Saya percaya, selain Kang Emil sebenarnya masih banyak lagi pemimpin-pemimpin berjiwa muda dan berdedikasi tinggi kepada bangsa Indonesia, hanya saja tak semua terjangkau oleh media—atau memang memilih untuk tidak sering di-ekspose media. Namun saya rasa, poin tambahan lagi untuk Kang Emil adalah kejeliannya dalam memanfaatkan media sosial dengan sangat baik. Di BCC itu juga ada pengelola media sosial, sebut saja Facebook, Instagram, Twitter, dls. Meski konon, beberapa kali Kang Emil yang turun langsung menyapa warga Bandung melalui media sosial tersebut. Karena itulah, kedekatan yang tercipta bukan hanya antar warga Bandung dan Walikotanya saja, melainkan warga lainnya, seperti saya yang asal Kota Cilegon, merasa dekat pula dengan pejabat macam beliau. Lebih-lebih caranya berinteraksi sesekali sangat jenaka. Kecermatannya dalam melihat problematika anak muda masa kini pun patut diacungi 4 jempol. Isu yang biasa dijadikan embel-embel adalah soal, “kejombloan”. Tingkat kebaperan anak muda zaman sekarang berbanding lurus dengan menjamurnya mamang tahu-bulat-digoreng-dadakan di mobil bak keliling. Sekarang ini bisa dengan mudah ditemukan di mana pun.

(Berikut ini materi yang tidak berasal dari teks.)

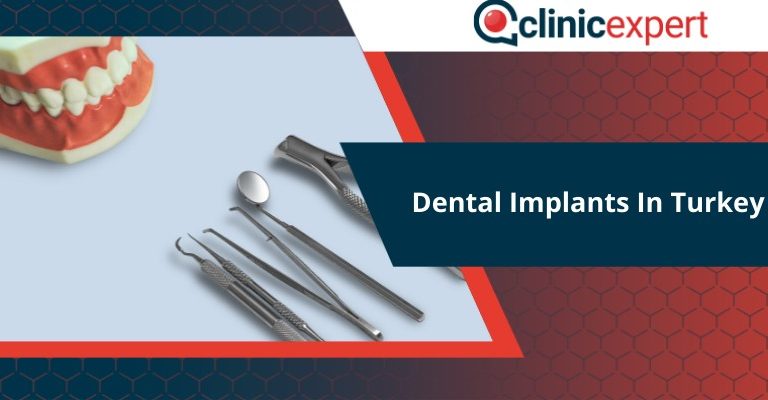 Dental Implants In Turkey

Ketertarikan saya pun kepada beliau karena caranya yang menarik simpatik dan rasa hormat warga, dan karenanya patut pula diikuti oleh pemimpin-pemimpin daerah lainnya—bahkan bila perlu pemerintah pusat. Beliau sanggup menempatkan diri kapan saatnya untuk tegas dan serius, kapan pula saatnya untuk bergurau—meskipun selalu ada pesan yang hendak disampaikan. Karenanya tak heran bila banyak dari warga selain pribumi Bandung merasa cemburu pada orang-orang Bandung yang memiliki pemimpin atau Walikota seperti Ridwan Kamil. Dan saya lihat, upaya beliau mendekatkan diri dengan masyarakat bukanlah pencitraan belaka, atau sekadarnya saja. Sering kali beliau menghadiri acara pernikahan dan menjadi saksi pengantin, berkunjung ke rumah-rumah warga yang butuh perhatian, menjewer langsung para pengguna jalan yang tidak taat aturan dan lain sebagainya. Saya ingin sekali media selalu meliput hal-hal semacam itu, hal-hal yang positif, agar kita sama-sama saling mengawal dan mengawasi.

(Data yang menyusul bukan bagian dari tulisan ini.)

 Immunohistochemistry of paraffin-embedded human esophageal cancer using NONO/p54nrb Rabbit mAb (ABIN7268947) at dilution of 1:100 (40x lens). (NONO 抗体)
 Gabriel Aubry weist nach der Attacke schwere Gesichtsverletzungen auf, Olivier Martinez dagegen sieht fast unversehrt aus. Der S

Di tahun 2017 mendatang, provinsi Banten akan melangsungkan sebuah pesta rakyat, yakni pemilihan gubernur. Saat ini yang tengah menjabat sebagai gubernur Banten adalah Rano Karno, yang sebelumnya menjadi wakil kemudian menjabat gubernur PLT, menggantikan sosok Atut Chosiyah, gubernur perempuan pertama di Banten—bahkan di Indonesia—dan pertama kali juga gubernur perempuan yang tersangkut kasus korupsi. Tentu saja ini sebuah prestasi; untuk poin pertama bisa dibanggakan, sayangnya tidak untuk poin setelahnya. Barangkali begitulah perempuan, “mulutnya saja punya dua”, begitu celetukan orang-orang di warung kopi kalau melihat pertingkah dua perempuan yang sedang bertemu di pedagang sayur, pasti terdengar riuh dan suaranya seolah melebihi dari jumlah yang kasat mata. Ya, meskipun gubernur sekarang kalau diambil inisialnya jadi, “RK”, tetapi Bandung dan Banten berbeda. Boleh sama-sama “RK” tetapi beda rasa dan rupa.
Sekalipun pemilihannya tahun depan, tetapi keriuhan tim suksesnya sudah menggaung sejak sekarang. Satu pasangan yang sudah pasti melenggang dan mendapatkan restu adalah Wahidin Halim dan Andika Hazrumy (Putra pertama Atut Chosiyah). Konon Rano Karno juga akan mencalonkan diri, namun masih menunggu keputusan dari partai tempatnya bernaung dan besar di dunia perpolitikan sampai sejauh ini.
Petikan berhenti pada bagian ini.